Morrissey also said the improvement he would like to see made to Massachusetts’s Safe Haven law is to allow mothers to call 911 to surrender their baby, in addition to the drop-off locations. In May 2016, the Massachusetts House of Representatives approved a bill proposed by then-state representative Keiko Orrall (R-Lakeville) to do provide that option, but it never came up for a vote in the Massachusetts Senate.

The neighboring state of Vermont allows people to use 911 calls to have an emergency responder to pick up the baby under the state’s safe haven law; it also gives the mother 30 days to use the law rather than seven.

Patricia Stewart, executive director of Massachusetts Citizens for Life, said the Massachusetts safe haven law is a good thing that could be improved.

“Massachusetts Citizens for Life wholeheartedly supports the concept of Save Haven Laws as a means of reducing infanticide and offering desperate parents a humane option by which to relinquish their newborn without legal jeopardy,” Stewart said in an email message.

“Massachusetts’ current Safe Haven Law could be strengthened by: (1) increasing the statutory age at which an infant is eligible for Safe Haven protection from the current limit of ‘7 days of age or less’ to one-year-old. This would address the distressing CDC statistic that ‘[m]ost (92.4%) of homicides occurred among infants who were too old for Safe Haven relinquishment at the time of their death’; and (2) expanding the current designated locations at which parents can voluntarily place a newborn beyond a ‘hospital, police department, and manned fire station,’ to include an emergency responder at a place where the parties to a 911 call had agreed to meet following the call.”

Kristen Day, executive director of Democrats for Life, said safe haven laws offer women and girls with problem pregnancies another option instead of abortion.

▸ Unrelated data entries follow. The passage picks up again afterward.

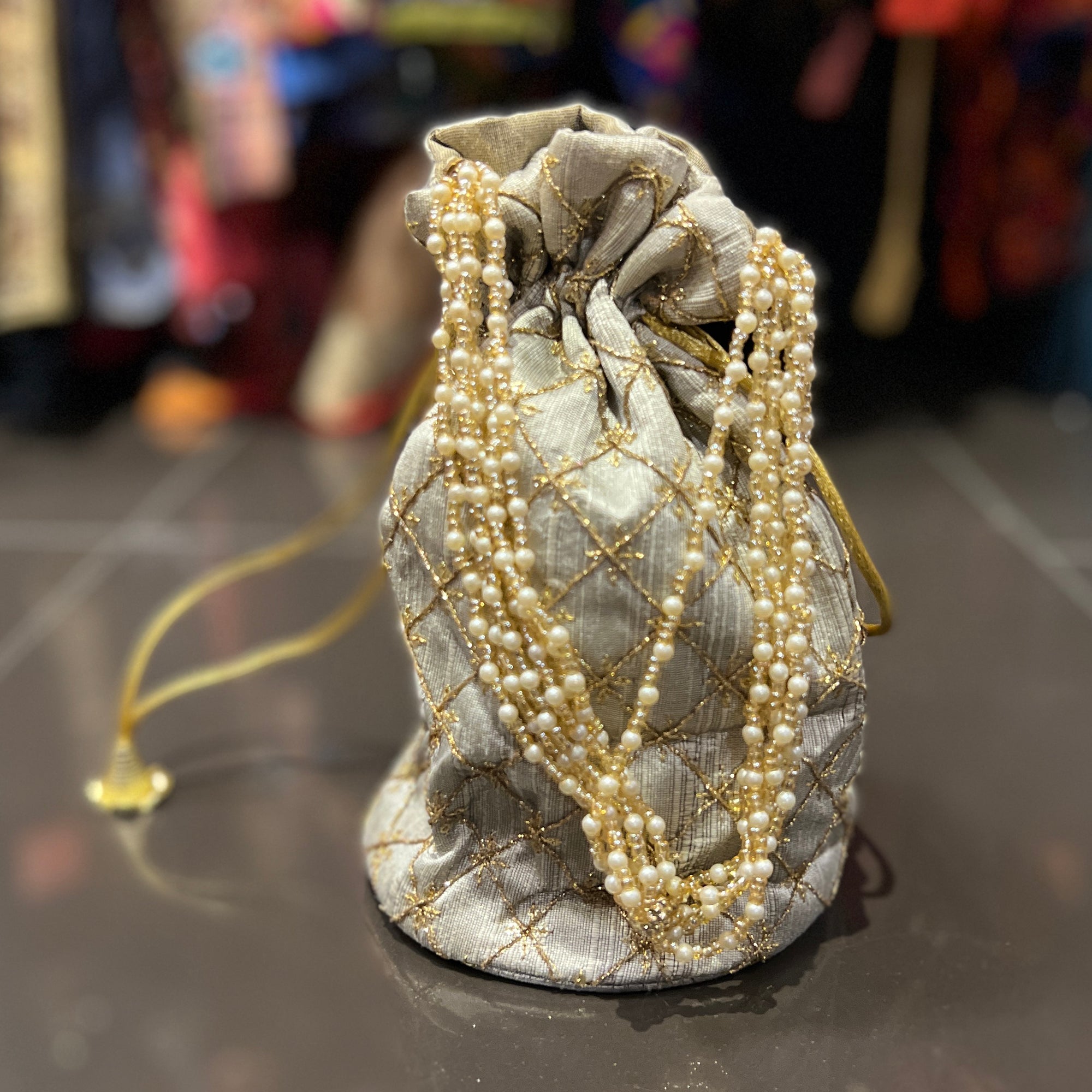 DT Diamond Potli Bags - Vintage India NYC
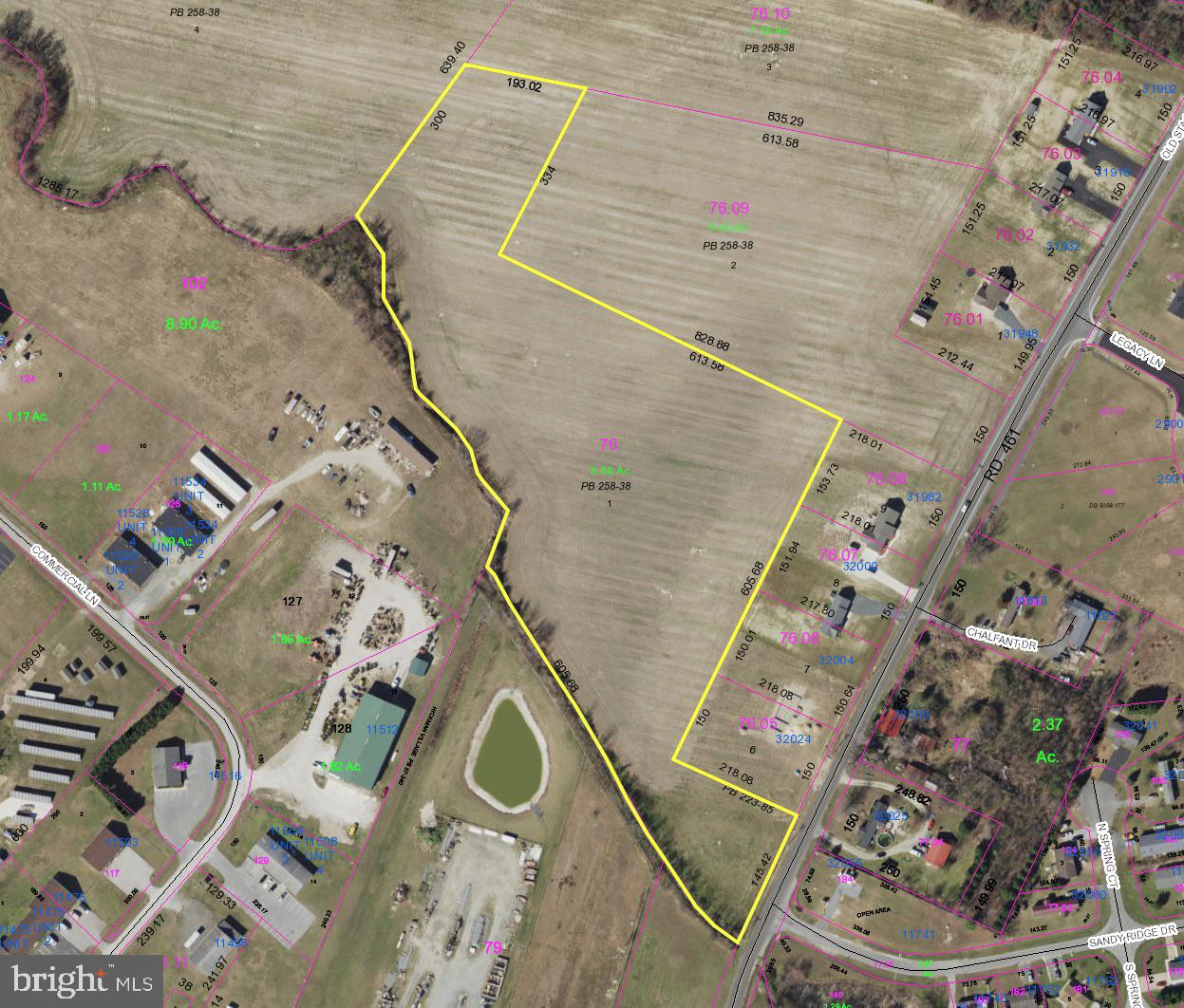 *Property outline from County site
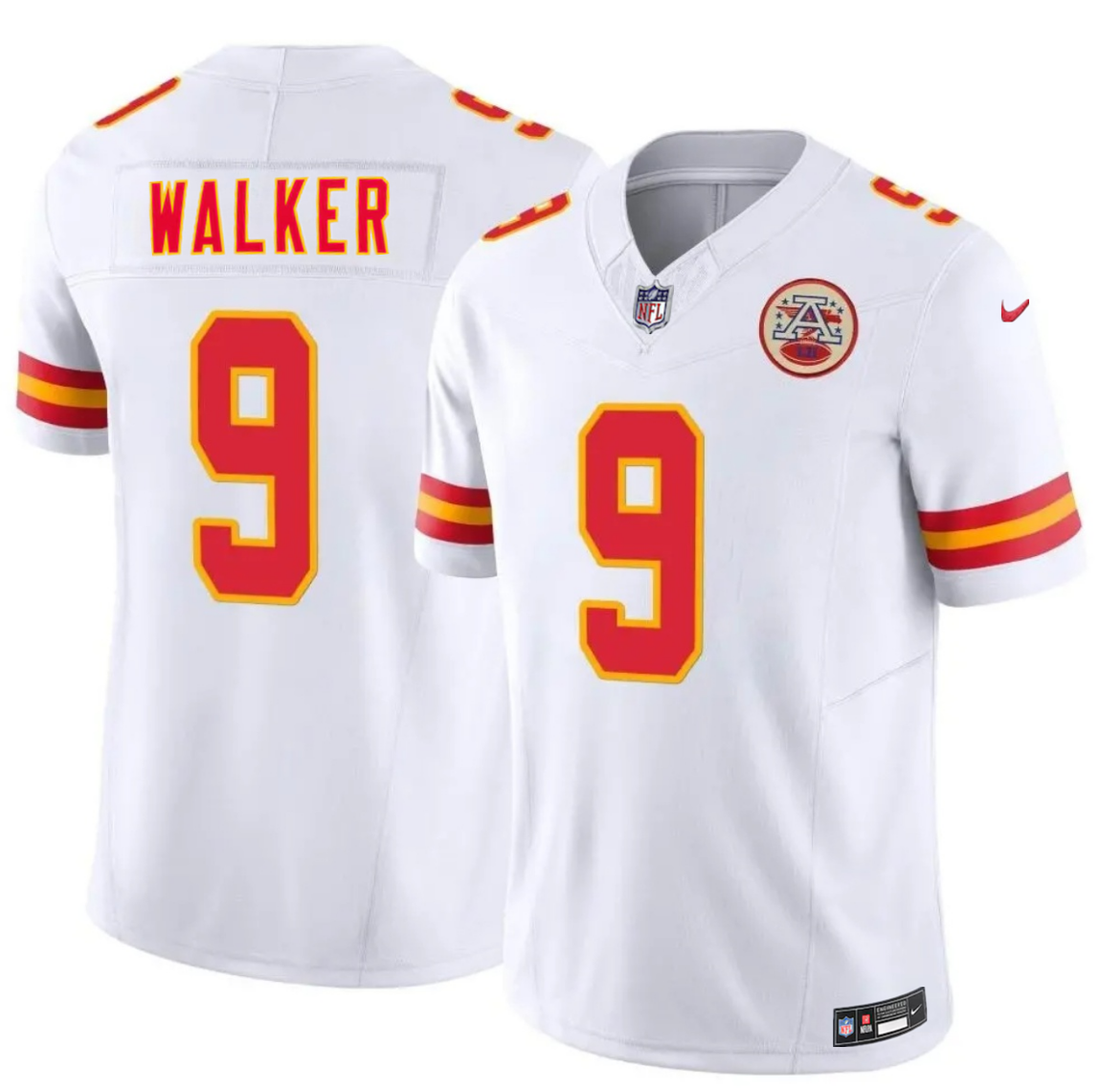 Youth Kansas City Chiefs #9 Kenneth Walker III White 2026 F.U.S.E. Vapor Untouchable Limited Stitched Football Jersey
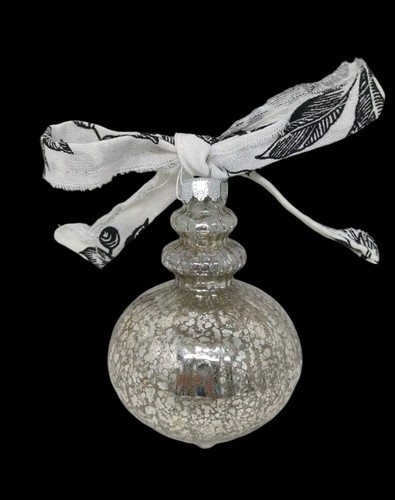 Rausch Glass Finial Christmas Ornament Antique Style Silver Tone Ribbed 3.5" T - Picture 2 of 9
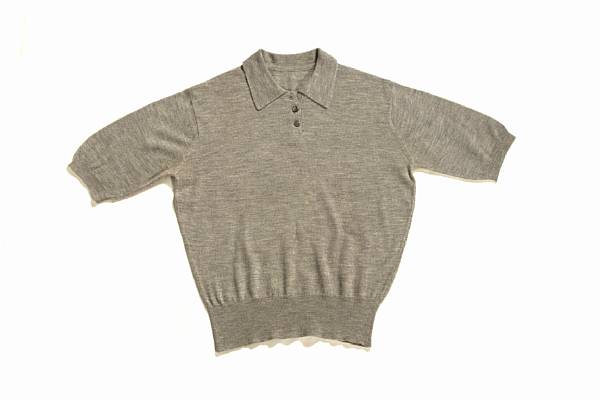 Appraisal: A Marilyn Monroe pearl-gray wool sweater s With short sleeves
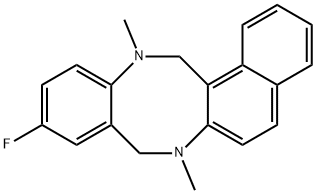 10-FLUORO-7,13-DIMETHYL-7,8,13,14-TETRAHYDROBENZO[F]NAPHTHO[2,1-B][1,5]DIAZOCINE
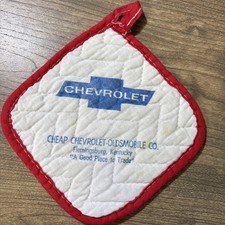 VINTAGE CHEVROLET  ADVERTISING POT HOLDER Che...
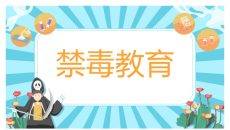 拒绝毒品禁毒教育班会PPT模板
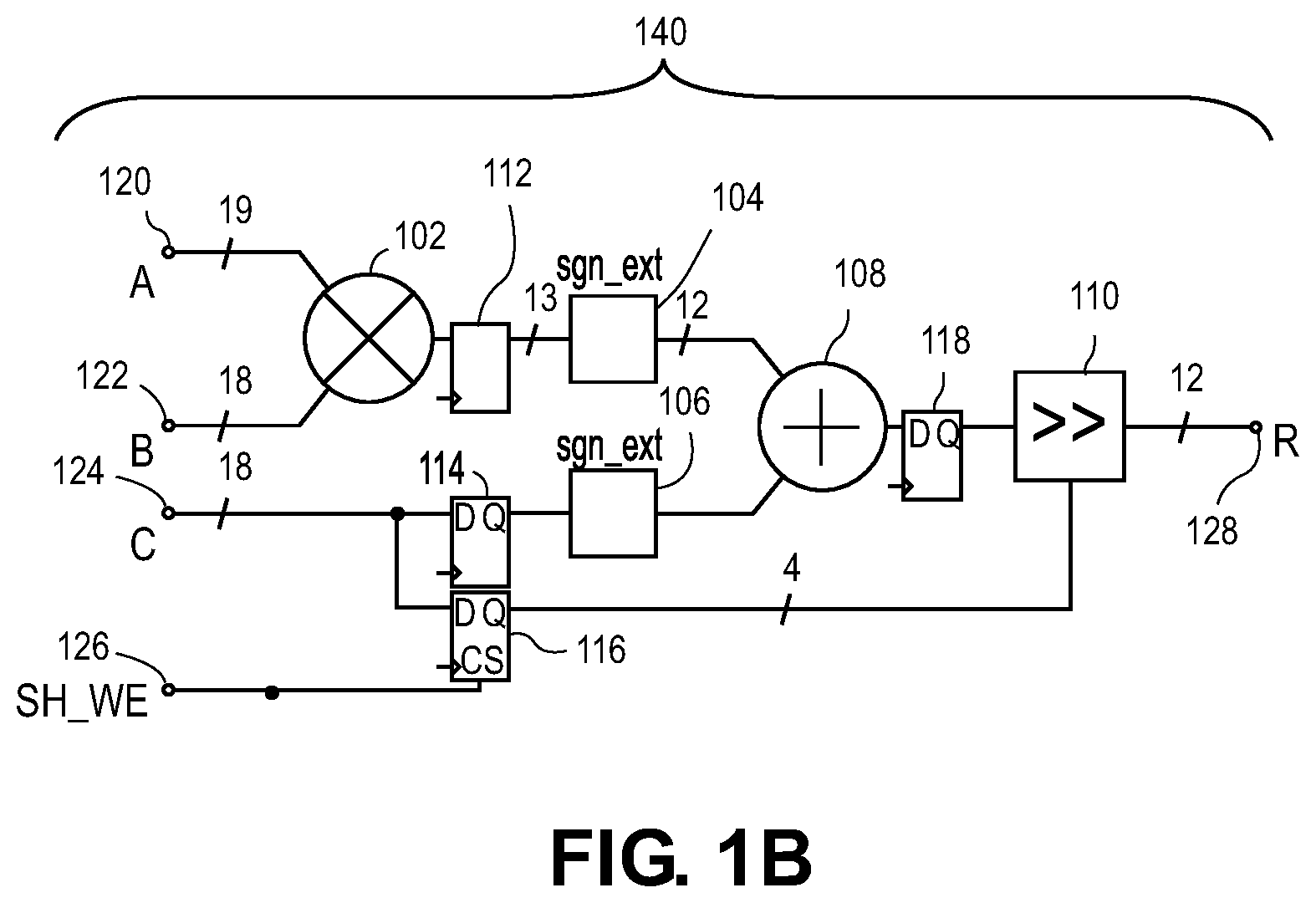 Patent US12147782 Figure 2 – Peripheral tooldual/quad-fracturable digital signal processing block for programmable gate architectures
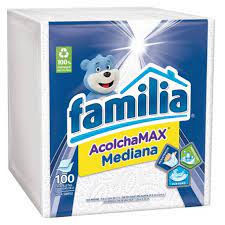 SERVILLETAS FAMILIA ACOLCHAMAX MEDIANA X100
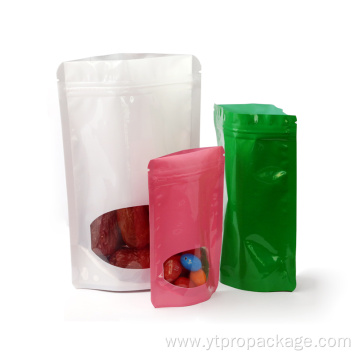 Custom Printed Logo Packaging Bag With Transparent Window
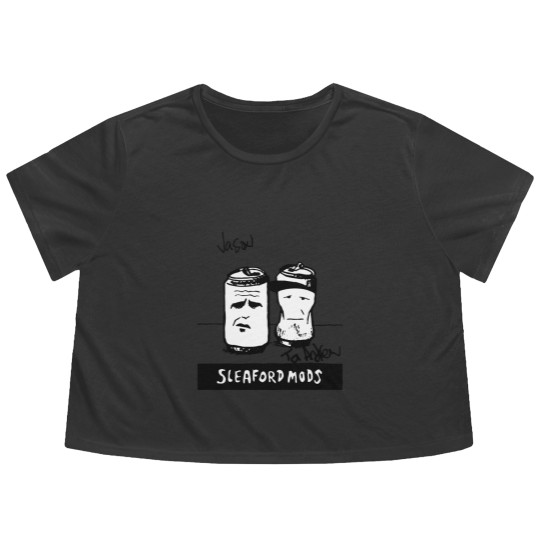 Discover Sleaford Mods Sleaford Mods Flowy Cropped Tees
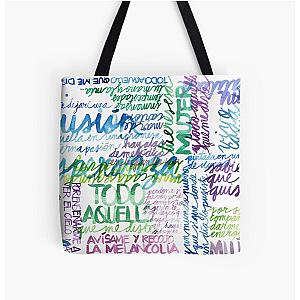Alejandro Sanz All Over Print Tote Bag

“Democrats for Life of America fully supports life-saving measures like Safe Haven laws. We commend the Commonwealth of Massachusetts for recognizing the difficult challenges faced by pregnant women by offering a compassionate solution that protects babies and a mother’s privacy,” Day said by email. “According to statistics from Baby Safe Haven New England, twenty-five babies have been surrendered under the Safe Haven law, and no babies have been abandoned since the law was put into place.”

Day noted that Massachusetts state legislators overwhelmingly support legal abortion, as shown by the abortion expansion bill the House and Senate enacted December 29 over the governor’s veto, but “there is no equal effort to provide similar access to alternatives to abortion.”

The result?

“They have a high abortion rate, being in the top 16 worst states, which disproportionately falls on low-income and minority communities,” Day said. “The Charlotte Lozier Institute (CLE) estimates that the black abortion rate was 24.4 per 1,000 women compared to the white abortion rate of 7.9 per 1,000 women.”

Day said state officials should look at ways state government can make choosing to give birth easier for those in a tough situation.

“We recommend a study to determine why women choose abortion and what measures would be necessary to provide equal opportunity for alternatives such as paid maternity leave (especially for hourly workers), adequate accommodations in the workforce, access to prenatal and post-natal care, access to a support structure either through faith-based or secular non-profit groups and other measures as determined by the study,” Day said.

Planned Parenthood League of Massachusetts and NARAL Pro-Choice Massachusetts could not be reached for comment on Sunday or Monday this week.